I understand that Eagletac is supposed to be offering a kit version of this light (with screw-on diffuser cover and filters), but I am not sure if that's available for sale anywhere.


----------



## Rexlion (Jun 30, 2013)

Another great review. I could not wait for it, though... I had to get a 'neutral' GX25A3 as soon as it became available and have been enjoying it for most of the month already. The beam is really warm, just about the same temp as the old Fenix TK20 that so many of us went bananas over a few years ago, but of course soooo much brighter. I also picked up a Streamlight Stinger 75702 anti-roll ring for the head, and this will be my main bedstand light. It was great for the camping trips I took this month, too.


----------



## selfbuilt (Jul 13, 2013)

I've updated the review with 3x14500 runtimes. Note that the early production run GX25A3 I was sent wasn't able to fit my protected cells (e.g., my protected AW 14500s were too tall to allow the tailcap to screw down sufficiently). Eagletac has revised this, by shortening the springs. They have sent me a revised handle (which should currently be included on shipping lights). The revised springs can handle all length cells (i.e., my alkaline and NiMH still all work fine).







As you can see though, the light is no brighter on 3x3.7V Li-ion - the regulated levels are the same. Runtime is similarly not that different from standard NiMH Eneloop. The reason for this is that you have to consider the voltage when doing capacity conversions (i.e., Work-hours = Amp-hours * Voltage). By that measure, the actual capacity to do work is not that different between a 750mAh 14500 and 2000mAh Eneloop.


----------



## Trevtrain (Jul 14, 2013)

Just watched the video for this and the SX25A6. Has anyone else noticed this company cutting corners?

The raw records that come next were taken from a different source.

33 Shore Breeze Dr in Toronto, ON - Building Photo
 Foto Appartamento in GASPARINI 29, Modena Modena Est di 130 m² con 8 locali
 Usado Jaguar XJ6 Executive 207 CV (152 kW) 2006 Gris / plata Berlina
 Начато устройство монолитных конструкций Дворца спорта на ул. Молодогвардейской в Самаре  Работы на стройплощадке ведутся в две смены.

The box and lights are now marked as EAGTAC rather than EAGLETAC. I wonder if leaving out the letters LE results in much of a cost saving? 


But seriously - has there been a name or ownership change here? Or am I just late in noticing it?

Edit: OK, just did a thread search - seems this happened some time ago. I'll shutup now.  Anyone else just picked up on this?


----------



## Stefano (Jul 26, 2013)

I bought today a GX25 but I found that the thread of the head is defective.
Movement rough and noisy when switching from medium to turbo, small imperfection in the thread.
The seller replaces the torch
This problem has happened to someone else?

translated with google translator


http://

 Uploaded with ImageShack.us


----------



## kj2 (Jul 26, 2013)

Stefano said:


> I bought today a GX25 but I found that the thread of the head is defective.
> Movement rough and noisy when switching from medium to turbo, small imperfection in the thread.
> The seller replaces the torch
> This problem has happened to someone else?


The threads on my A3 aren't 'defective', but there is some play in it.


----------



## Stefano (Jul 26, 2013)

kj2 said:


> The threads on my A3 aren't 'defective', but there is some play in it.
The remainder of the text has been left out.